長い仕事人生にはアップダウンがつきもの。ワクワクしながら前向きに取り組める時期もあれば、失敗や思わぬ異動に落ち込む時期もあるのが当然です。
本書では、一般の企業で働く若手14名へのインタビューをもとに、仕事の「モティベーション」、そして「キャリア」の悩みから抜け出し、成長していくための考え方を紹介します。
・いったい自分は、何のために「働く」のか?
・「組織」とどこで折り合いをつけるか?
・これからの「キャリア」をどうデザインするか?
・もっと仕事に夢中になるためには?
など、キャリアの入口、あるいは途中で立ち尽くしている人が、自分なりの「働き方」をつかむための1冊です。
営業だからこそ得られるメリットとは
若い人がマスコミや広告など、いわゆる「クリエイティブな業種」とされる会社に入ってがっかりするパターンの1つに「せっかく入社したのに営業職に配属される」ということがあります。

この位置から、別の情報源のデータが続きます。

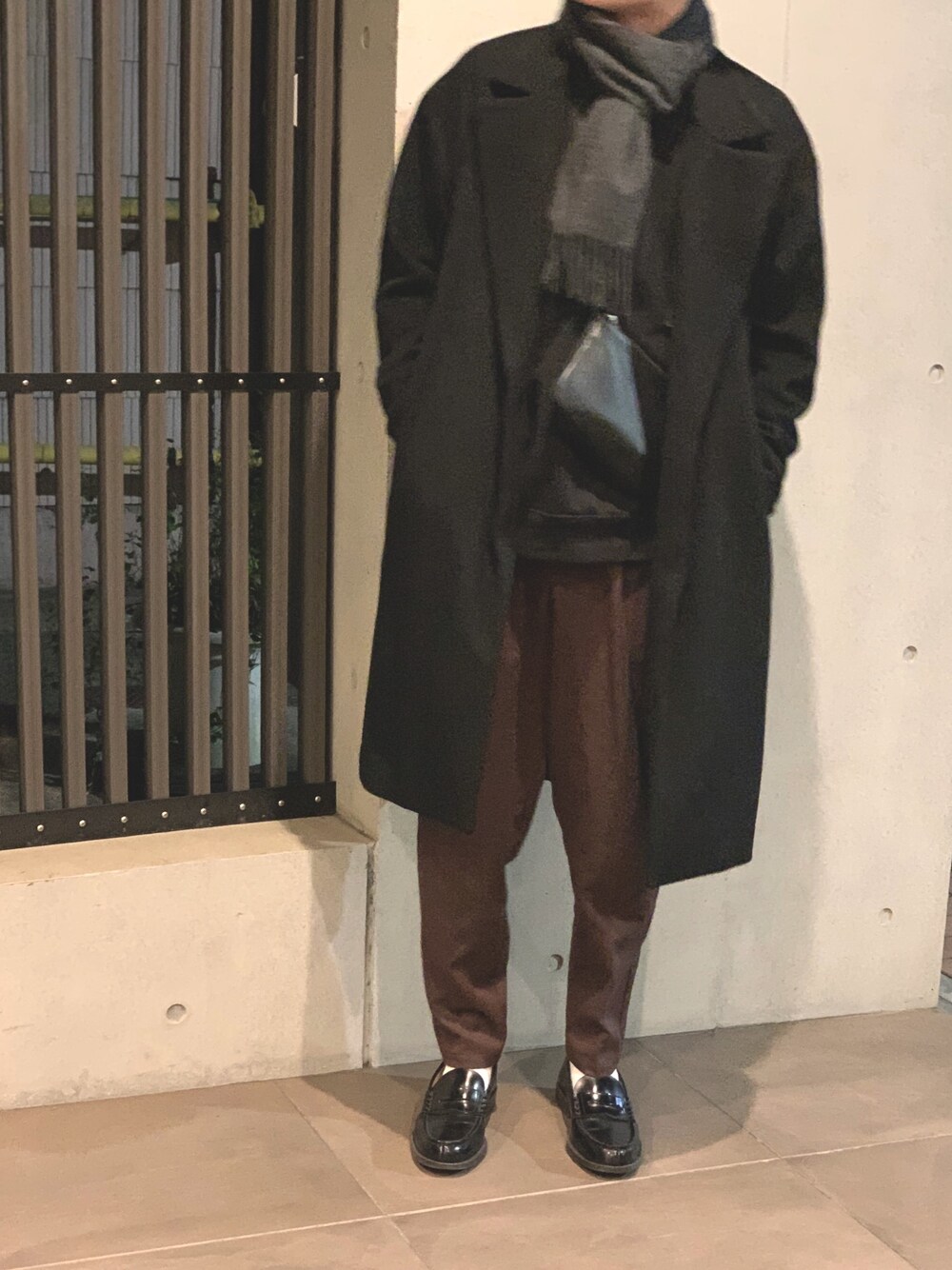 「ブラウン色に染まれ、シンプル、いいね、save、フォローお願いします🤑、おしゃれさんと繋がりたい、EMMA  CLOTHES、シンプルコーデ、ブラウン、黒、ローファー、キレイめ」｜「STUDIOUSの【STUDIOUS】スペリオルメルトンオーバーサイズコート(チェスターコート)（チェスターコート、ブラック系）」を使った、atomさん（メンズ・175cm）の冬コーディネートの1枚目の写真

自分はもっとクリエイティブな仕事がしたいと思っていたのに、泥臭い営業部に配属されてしまった。商品を売る仕事よりも、ゼロから何かをつくりだす仕事がしたい。そのように考える若い人は少なくありません。
しかし実際に広告代理店などで活躍するクリエイターの人々を見ると、若いときに営業部に配属されていたという人もたくさんいます。
営業というのは会社の仕事の中でも、お客さまと最も頻繁に、直接的に接触する仕事です。それゆえに本気で取り組めば、自社の仕事に必要なあらゆるスキルと知識を得ることができます。
もし不本意な部署に配属されてしまったら、その部でイキイキと仕事をしている2〜3年上の先輩に話を聞いてみるのもいいでしょう。また営業以外の総務や経理などの部署で働く「ナナメ上の先輩」に、営業部についてどう思っているかを聞いてもきっと新たな気付きがあるはずです。
東京の和田中学校で、民間出身者として初の校長を経験した藤原和博さんは自身のリクルート時代の経験も踏まえ、「成長にはナナメの関係がかなり大事だ」と主張しています。
例えばある若者が、ロックバンドを組んでプロを目指したいと思っていたとします。しかし、真面目でロックには無縁のお父さんには相談しにくかったとしましょう。
ところが彼には、サラリーマンを経て独立して、自営業を営んでいる叔父さんがいたとします。その叔父さんがロックバンドの経験者ではなくても、安定したサラリーマンの道を捨て、リスクをとって独立に踏み切った経験があることから相談しやすい、というようなことがあります。
このように、職場でも真上にいる直属の上司よりも、ナナメ上、近いけれど違う部門の先輩や上司のほうが、かえって話しやすいことがあるというのが藤原さんの観察です。
また、はじめて会社に就職して、希望の部署に配属されなかった場合には、逆説的なメリットがあります。それは最初から大きな期待がないだけに、仕事に関してリアリズムの視点で見ることができるということです。